Protein-coding gene in the species Homo sapiens

Gamma-crystallin A is a protein that in humans is encoded by the CRYGA gene.

Crystallins are separated into two classes: taxon-specific, or enzyme, and ubiquitous. The latter class constitutes the major proteins of vertebrate eye lens and maintains the transparency and refractive index of the lens. Since lens central fiber cells lose their nuclei during development, these crystallins are made and then retained throughout life, making them extremely stable proteins. Mammalian lens crystallins are divided into alpha, beta, and gamma families; beta and gamma crystallins are also considered as a superfamily. Alpha and beta families are further divided into acidic and basic groups.
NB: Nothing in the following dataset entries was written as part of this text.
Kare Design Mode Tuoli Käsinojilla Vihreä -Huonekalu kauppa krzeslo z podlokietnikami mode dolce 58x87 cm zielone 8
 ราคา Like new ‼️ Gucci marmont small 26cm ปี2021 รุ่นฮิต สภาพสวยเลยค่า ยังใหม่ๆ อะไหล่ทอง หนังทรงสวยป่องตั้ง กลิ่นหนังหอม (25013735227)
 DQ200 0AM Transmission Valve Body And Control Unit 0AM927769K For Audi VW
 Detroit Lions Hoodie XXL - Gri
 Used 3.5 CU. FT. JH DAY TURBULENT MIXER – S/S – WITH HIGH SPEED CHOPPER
Seven protein regions exist in crystallins: four homologous motifs, a connecting peptide, and N- and C-terminal extensions. Gamma-crystallins are a homogeneous group of highly symmetrical, monomeric proteins typically lacking connecting peptides and terminal extensions. They are differentially regulated after early development. Four gamma-crystallin genes (gamma-A through gamma-D) and three pseudogenes (gamma-E, gamma-F, gamma-G) are tandemly organized in a genomic segment as a gene cluster. Whether due to aging or mutations in specific genes, gamma-crystallins have been involved in cataract formation.